Akhmatova’s Requiem is a cycle of poems about the years of terror in Russia (1935–1938) known as the Great Purge. Although written during and soon after the events it describes, the cycle remained unpublished in Russia until 1987, thirty-five years after Stalin’s death. The two poems above capture the two main subjects of the cycle: Akhmatova’s individual suffering and the suffering of the many in Russia. In “To Death,” Akhmatova alludes either to her son Lev being taken to a labor camp in Siberia or to her former husband, Nikolai Gumilev, being shot. In “Epilogue I,” Akhmatova mentions all those who waited on the prison lines to visit friends and family members, often to no avail. The shift from the individual to the collective is distinct here in that Akhmatova’s voice remains heard; the pronoun “I” is still used.

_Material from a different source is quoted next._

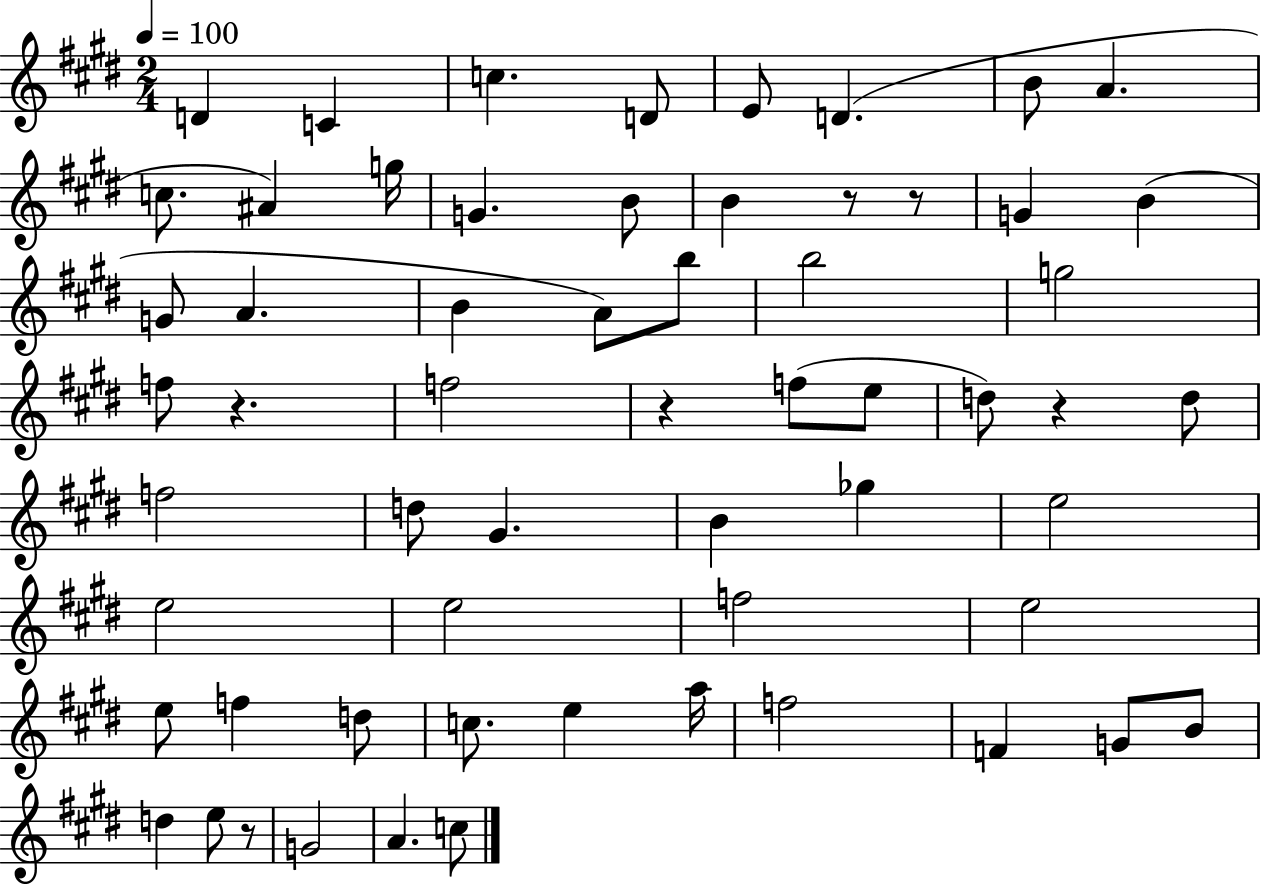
D4/q C4/q C5/q. D4/e E4/e D4/q. B4/e A4/q. C5/e. A#4/q G5/s G4/q. B4/e B4/q R/e R/e G4/q B4/q G4/e A4/q. B4/q A4/e B5/e B5/h G5/h F5/e R/q. F5/h R/q F5/e E5/e D5/e R/q D5/e F5/h D5/e G#4/q. B4/q Gb5/q E5/h E5/h E5/h F5/h E5/h E5/e F5/q D5/e C5/e. E5/q A5/s F5/h F4/q G4/e B4/e D5/q E5/e R/e G4/h A4/q. C5/e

I chose not to carry over the formal structure of the poems, which includes rhyme and a distinct Russian cadence, as it is heavily reliant on the Russian language’s easily-formed end-rhymes and fluid word order. However, some echo of form may be felt in the use of iambic tetrameter of “Epilogue I.” Although the emotional register of the poems is expressed in the original through the rhyme and rhythm, giving the content its expressive power, I tried to stay as close as possible to the images in the poem, which communicate by being direct and precise, and letting the sound follow.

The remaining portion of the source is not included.